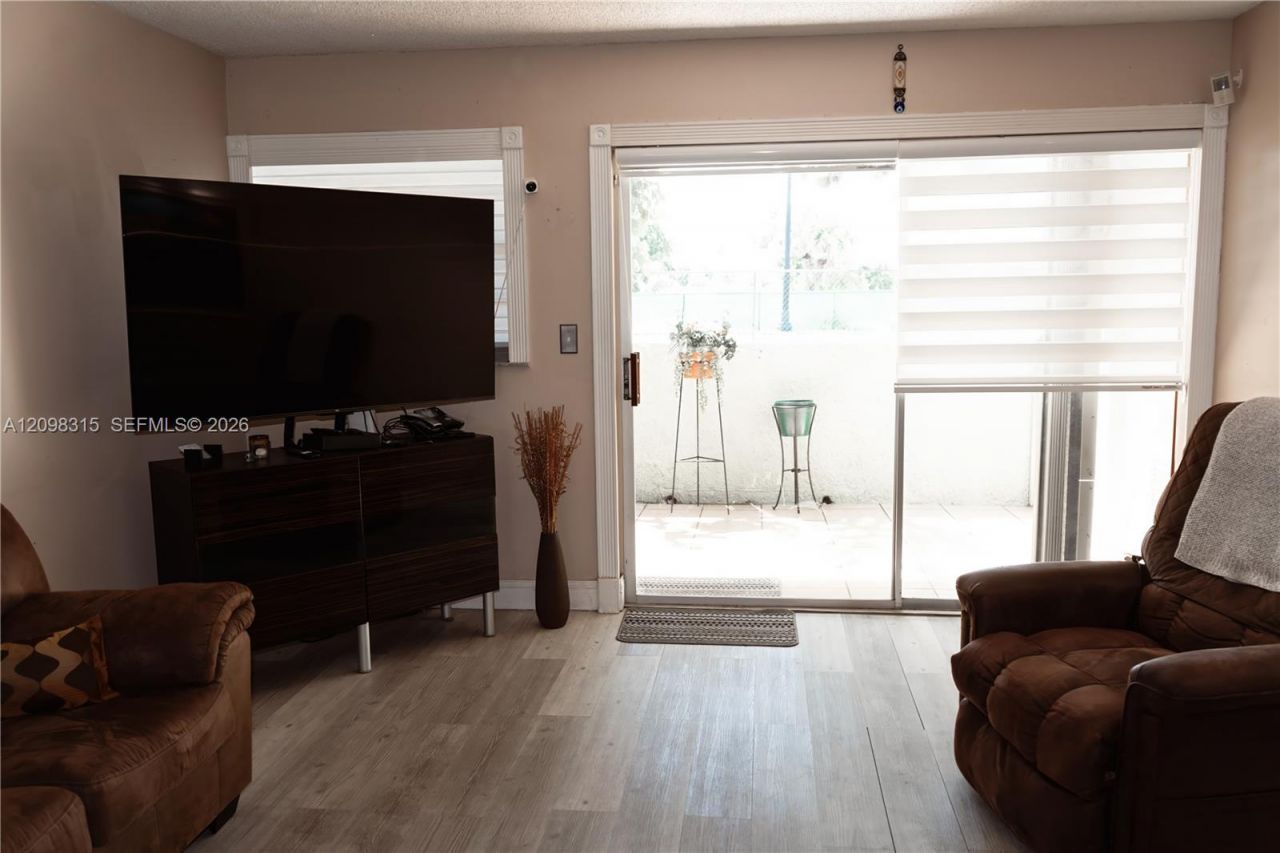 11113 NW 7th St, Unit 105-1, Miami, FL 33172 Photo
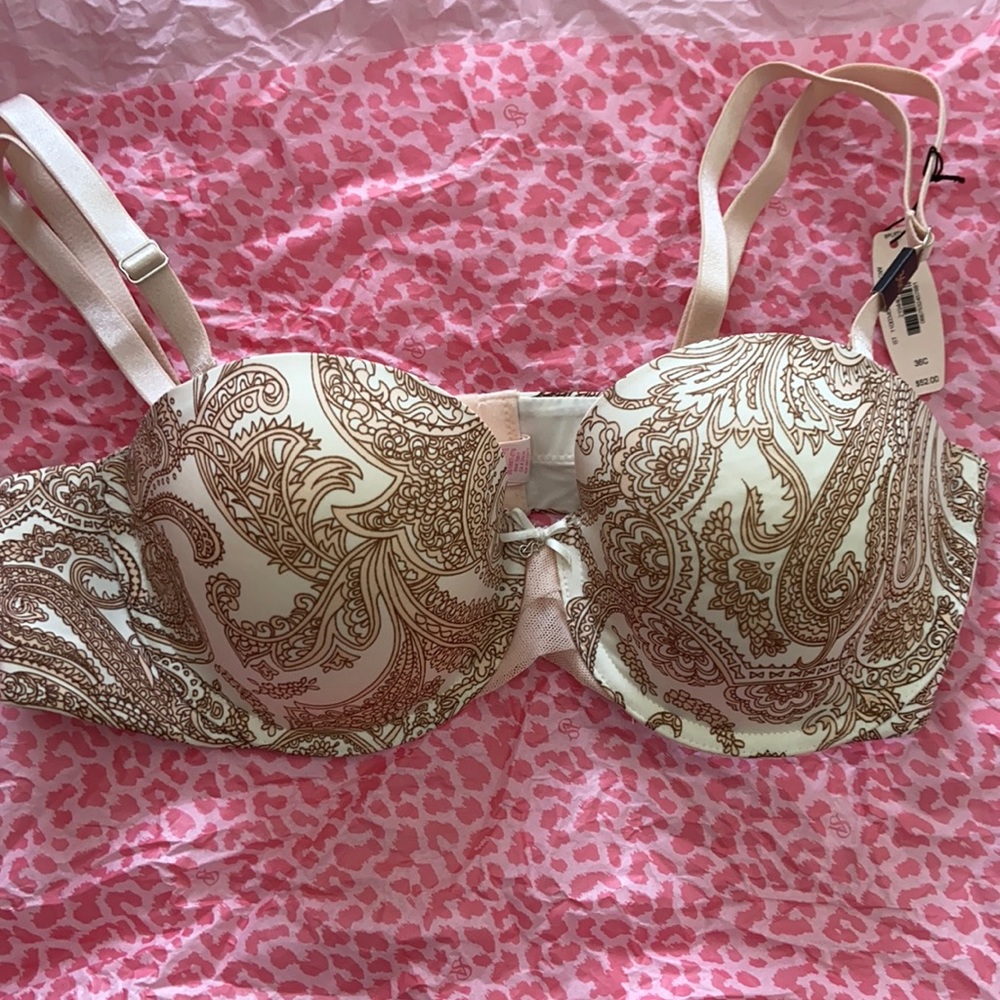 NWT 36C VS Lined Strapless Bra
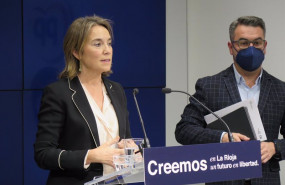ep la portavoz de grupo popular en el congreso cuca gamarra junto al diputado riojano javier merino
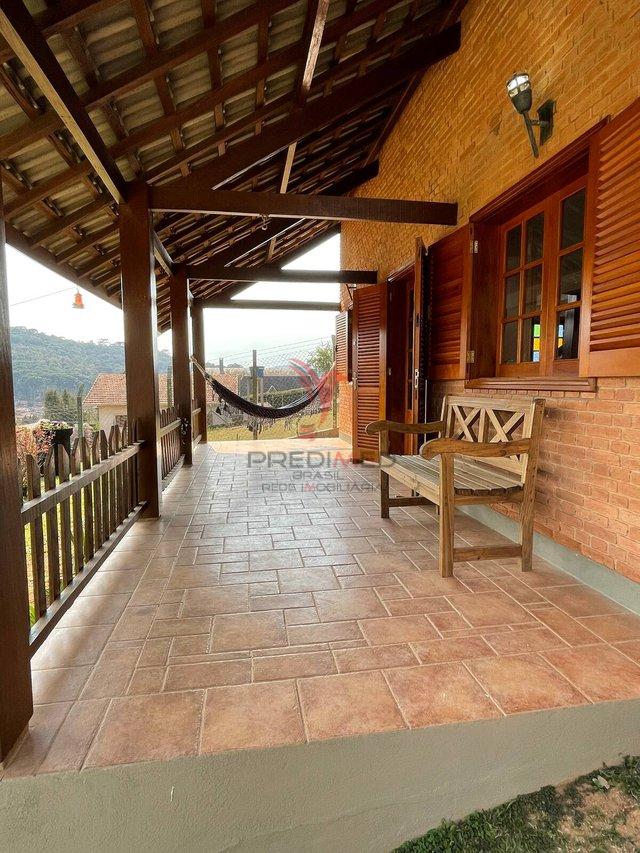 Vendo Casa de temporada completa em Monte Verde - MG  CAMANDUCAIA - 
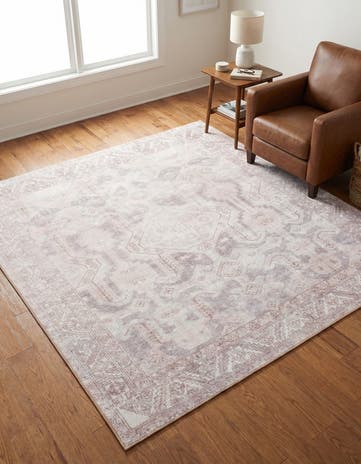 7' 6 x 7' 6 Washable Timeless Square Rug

## Exercise requirements:
Starting at the line that contains "ep la portavoz", transcribe each line through the last one of the entries above, exactly and without pictures.

## Result of this exercise:
ep la portavoz de grupo popular en el congreso cuca gamarra junto al diputado riojano javier merino
 Vendo Casa de temporada completa em Monte Verde - MG  CAMANDUCAIA - 
 7' 6 x 7' 6 Washable Timeless Square Rug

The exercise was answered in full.